### Records for processing
◆ ◆ ◆ ◆ ◆ ◆ ◆

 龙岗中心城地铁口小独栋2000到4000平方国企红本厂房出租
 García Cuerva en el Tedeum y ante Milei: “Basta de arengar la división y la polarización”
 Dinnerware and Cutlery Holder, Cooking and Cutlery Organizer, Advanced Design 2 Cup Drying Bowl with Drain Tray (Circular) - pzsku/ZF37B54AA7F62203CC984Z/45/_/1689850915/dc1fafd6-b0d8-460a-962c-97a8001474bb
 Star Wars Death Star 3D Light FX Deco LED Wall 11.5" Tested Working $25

◆ ◆ ◆ ◆ ◆ ◆ ◆

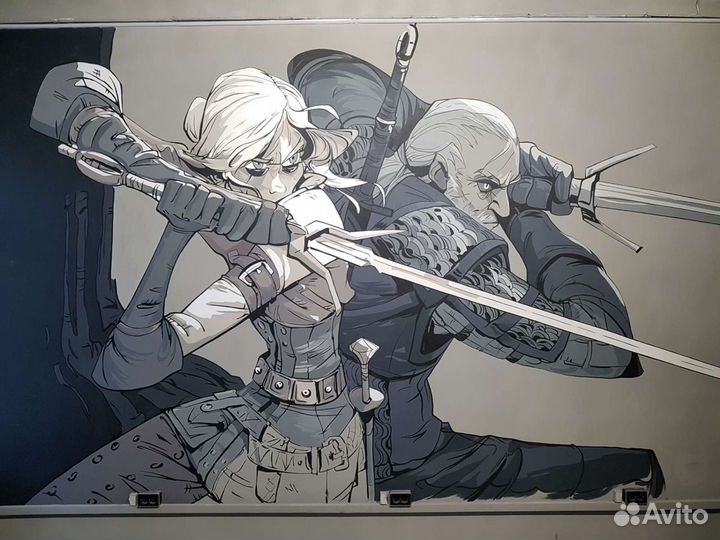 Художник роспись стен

◆ ◆ ◆ ◆ ◆ ◆ ◆

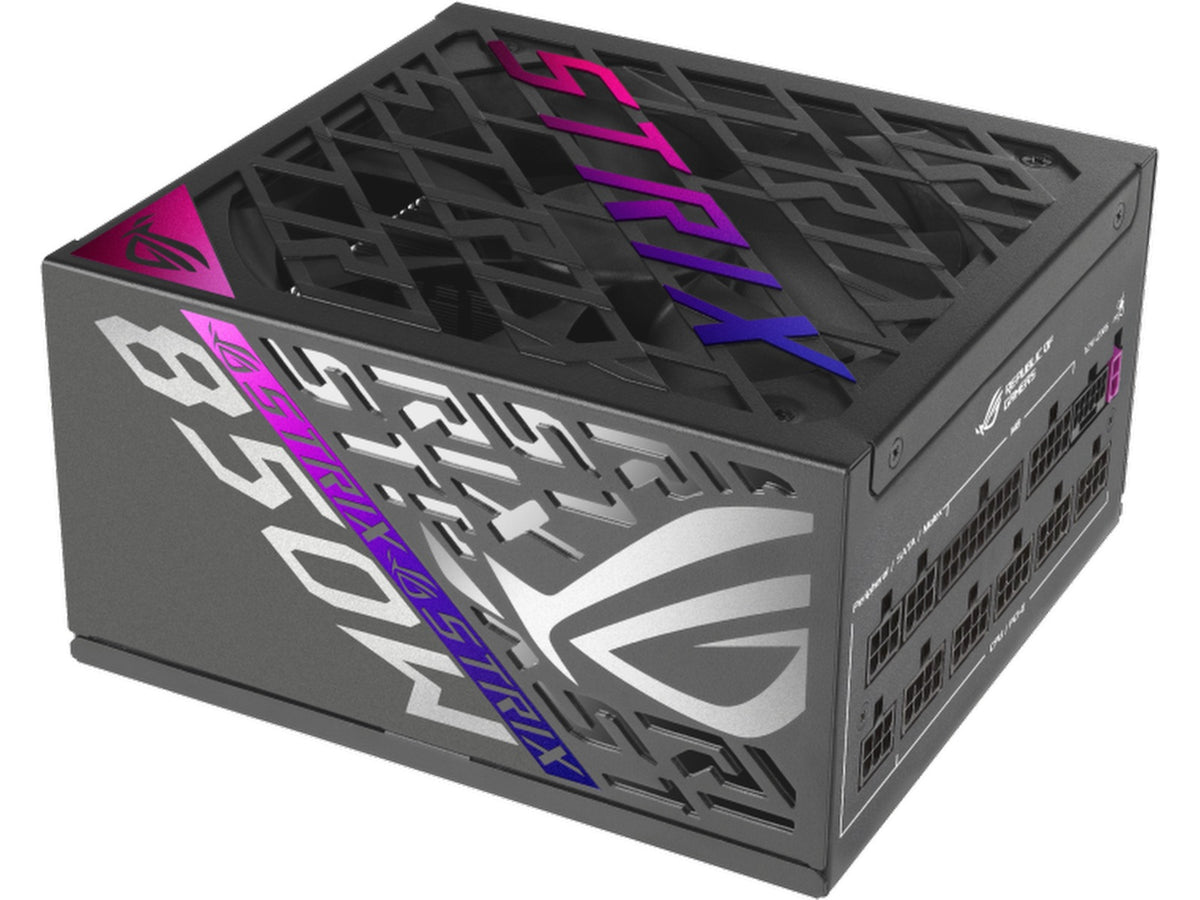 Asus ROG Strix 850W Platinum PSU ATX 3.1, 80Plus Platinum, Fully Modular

◆ ◆ ◆ ◆ ◆ ◆ ◆

### Work instruction
The entries above hold the needed span. Transcribe exactly the lines from the one with "García Cuerva en" to the one with "Star Wars Death", both included.

### Response
 García Cuerva en el Tedeum y ante Milei: “Basta de arengar la división y la polarización”
 Dinnerware and Cutlery Holder, Cooking and Cutlery Organizer, Advanced Design 2 Cup Drying Bowl with Drain Tray (Circular) - pzsku/ZF37B54AA7F62203CC984Z/45/_/1689850915/dc1fafd6-b0d8-460a-962c-97a8001474bb
 Star Wars Death Star 3D Light FX Deco LED Wall 11.5" Tested Working $25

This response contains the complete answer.